The Feast of the Drowned
- Author: Stephen Cole
- Series: Doctor Who book: New Series Adventures
- Release number: 8
- Subject: Featuring: Tenth Doctor Rose, Mickey
- Set in: Period between "New Earth" and "School Reunion"
- Publisher: BBC Books
- Publication date: 13 April 2006
- Pages: 256
- ISBN: 0-563-48644-9
- Preceded by: The Stone Rose
- Followed by: The Resurrection Casket

= The Feast of the Drowned =

2006 novel by Stephen Cole

The Feast of the Drowned is a BBC Books original novel written by Stephen Cole and based on the long-running British science fiction television series Doctor Who. It was published on 13 April 2006, alongside The Stone Rose and The Resurrection Casket. It features the Tenth Doctor, Rose and Mickey.

==Synopsis==
When a naval cruiser sinks in mysterious circumstances in the North Sea all aboard are lost. Rose is saddened to learn that the brother of her friend, Keisha, is among the dead. And yet he appears to them as a ghostly apparition, begging to be saved from the coming feast of the drowned.

==Plot==

Rose is comforting her friend Keisha, whose brother Jay is missing in action after the sinking of HMS Ascendant, which has just been towed up the Thames in pieces. Rose drags the Doctor along, and he asks what Jay did on the ship, before deciding to go out for chips (and a newspaper to wrap them in). After he leaves, Jay's soaked and shivering ghost appears to Keisha and Rose. He talks to Keisha first, telling her to come to him before the feast, and asks Rose to come too. Then he melts away into a puddle, which also disappears. The Doctor returns, and tells them about people fainting in the newsagent's.

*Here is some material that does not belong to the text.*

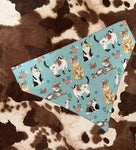 Dog Bandana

The Doctor and Rose discuss what she saw, and the Doctor says they should go to Mickey's and see what they can find on the Internet. Mickey has already done the research, and gives them his printouts. They find that the ship has been brought to Stanchion House, and that people are going missing near the part of the Thames where it is located.

When the three of them arrive near the building, they see many guards, and an elderly woman trying to climb over the bridge rail. Her name is Anne, and she says she is trying to get to Peter 'before the feast'. The Doctor and Rose manage to get her off the bridge. Mickey and the soldiers who come running all collapse. The Doctor swipes a pass from one of the soldiers, and tells Rose and Mickey to stay with Anne and not to let her out of their sight.

As Rose and Mickey try to decide where to take Anne, they are approached by an old man in full naval uniform wearing dark glasses and a scarf around his neck, who introduces himself as Rear Admiral John Crayshaw. He allows them to take Anne with them, but tells the soldiers to send the ambulance away when it arrives.

Meanwhile, the Doctor goes to Stanchion House, and introduces himself as 'Sir John Smith, Scientific Advisor to the Admiralty' with his psychic paper. He glances quickly at the visitor's book, and says that he has come to see V. Swann. The lift operator brings him to the correct floor, and watches until he goes in. He talks to Vida Swann for a minute before she mentions that her PC had told her Sergeant Jodie North had come in, and that she had alerted security when she saw him instead.

The Doctor runs out of her office, and realizes there were soldiers coming up the stairs and the lift, and no time to get out a window, so he hides in a cupboard until the soldiers pass, then slips into the lift before the doors close. He uses a sonic screwdriver to open the hidden controls, and goes to the lowest level. The doors open into an underground hangar.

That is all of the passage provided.